AVAILABLE DATA —

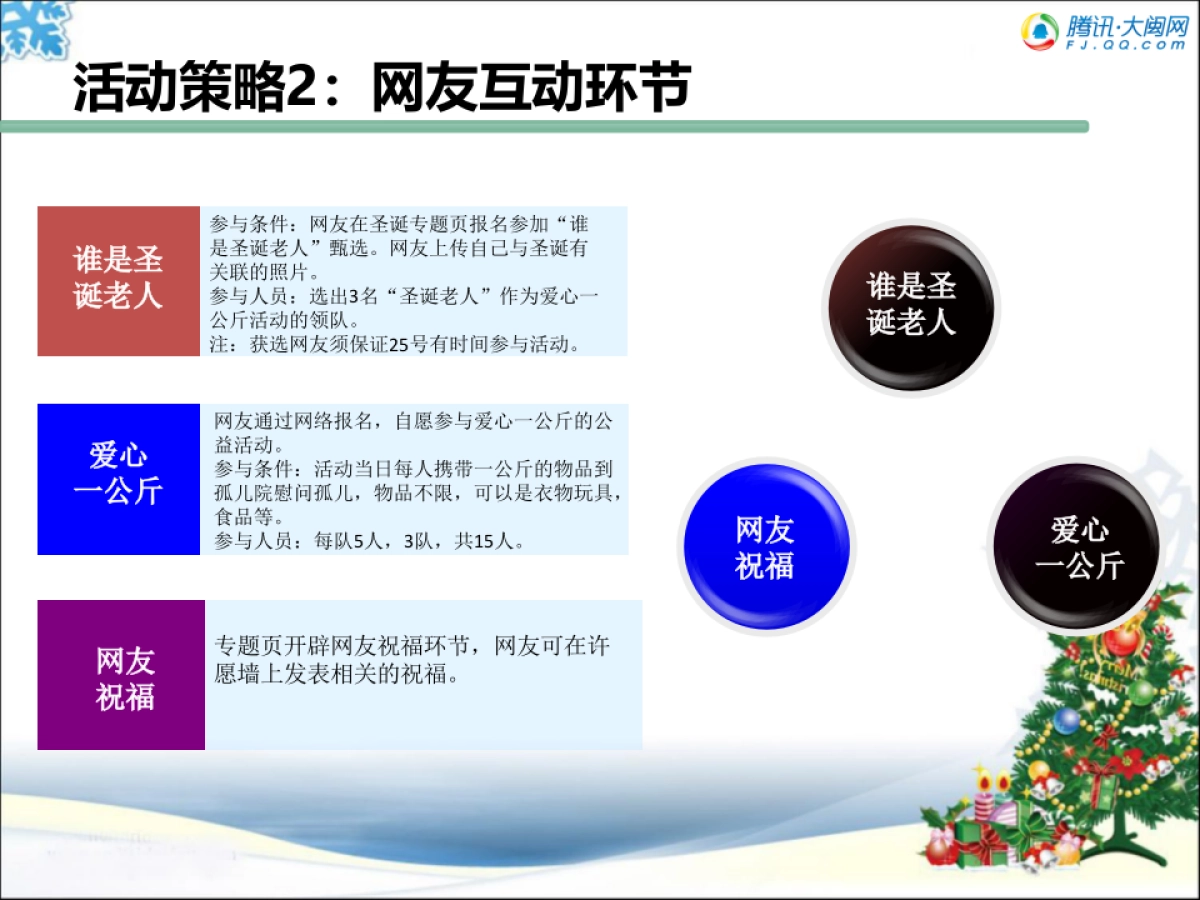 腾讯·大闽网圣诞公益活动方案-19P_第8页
---
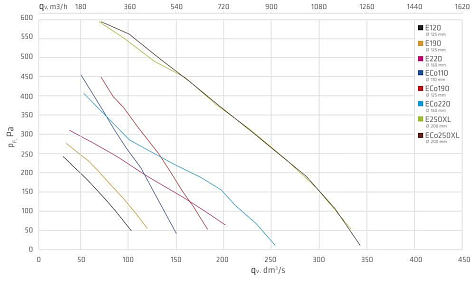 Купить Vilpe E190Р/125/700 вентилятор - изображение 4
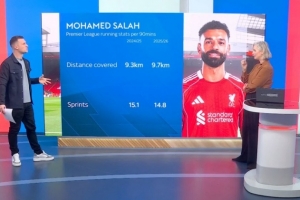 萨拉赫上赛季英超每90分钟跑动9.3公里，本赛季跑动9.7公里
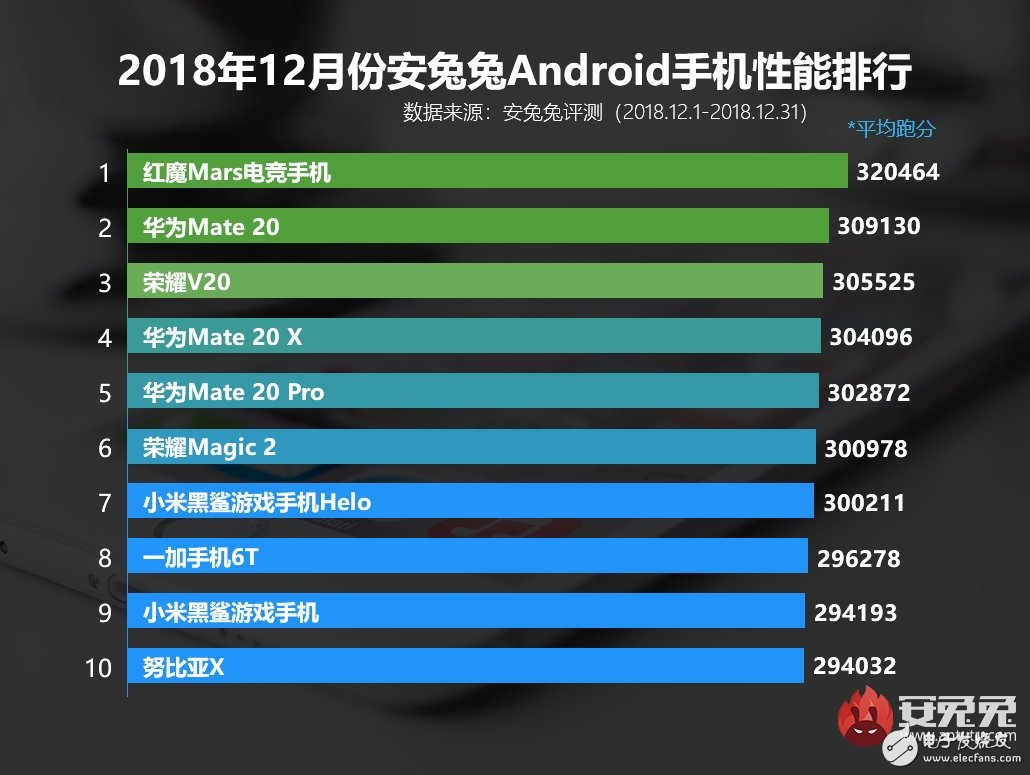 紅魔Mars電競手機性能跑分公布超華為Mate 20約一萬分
--
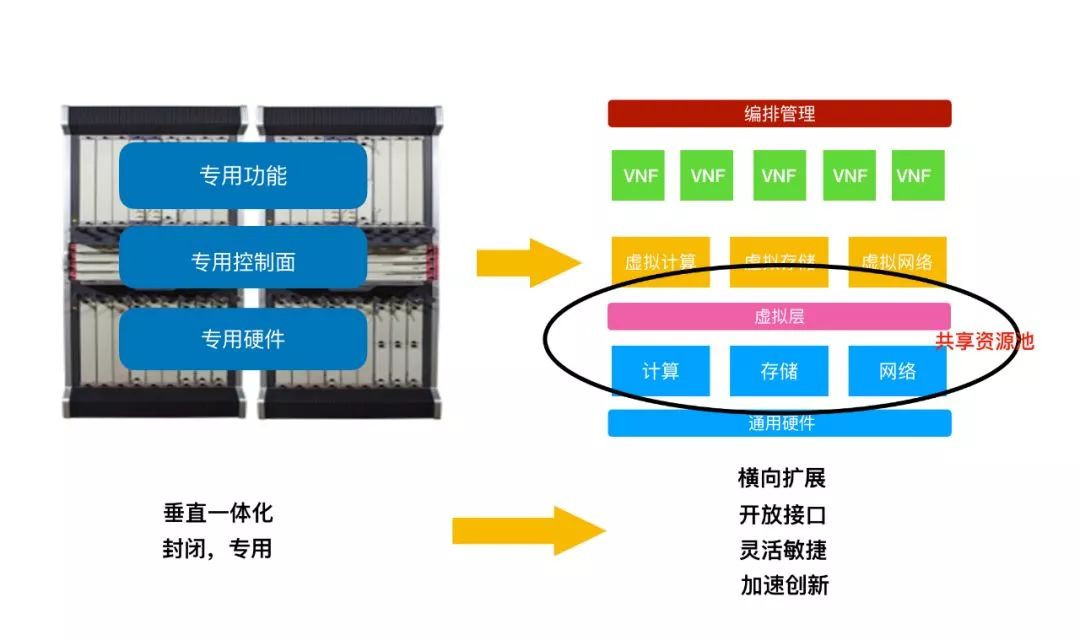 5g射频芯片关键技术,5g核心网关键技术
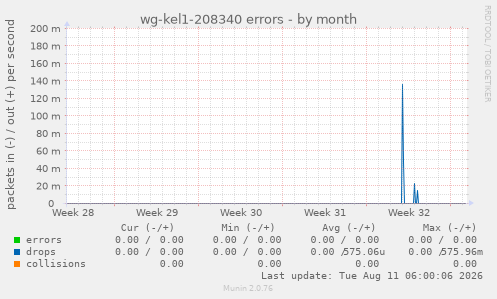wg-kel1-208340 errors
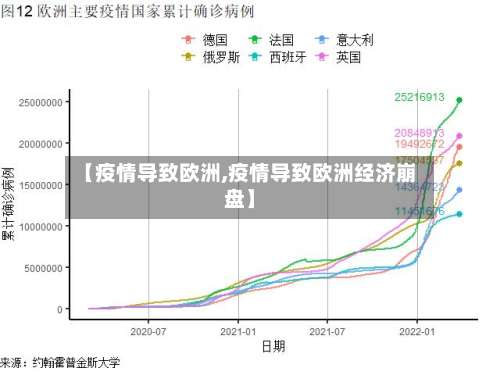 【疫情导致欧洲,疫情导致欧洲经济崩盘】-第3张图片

TASK TO CARRY OUT —
Working from the entries above, please transcribe only the lines from the line with "萨拉赫上赛季英超每90分钟跑动9.3公里，本赛季跑动9.7公里" through the line with "紅魔Mars電競手機性能跑分公布超華為Mate 20約一萬分", exactly, with both end lines and without pictures.

YOUR RESPONSE —
 萨拉赫上赛季英超每90分钟跑动9.3公里，本赛季跑动9.7公里
 紅魔Mars電競手機性能跑分公布超華為Mate 20約一萬分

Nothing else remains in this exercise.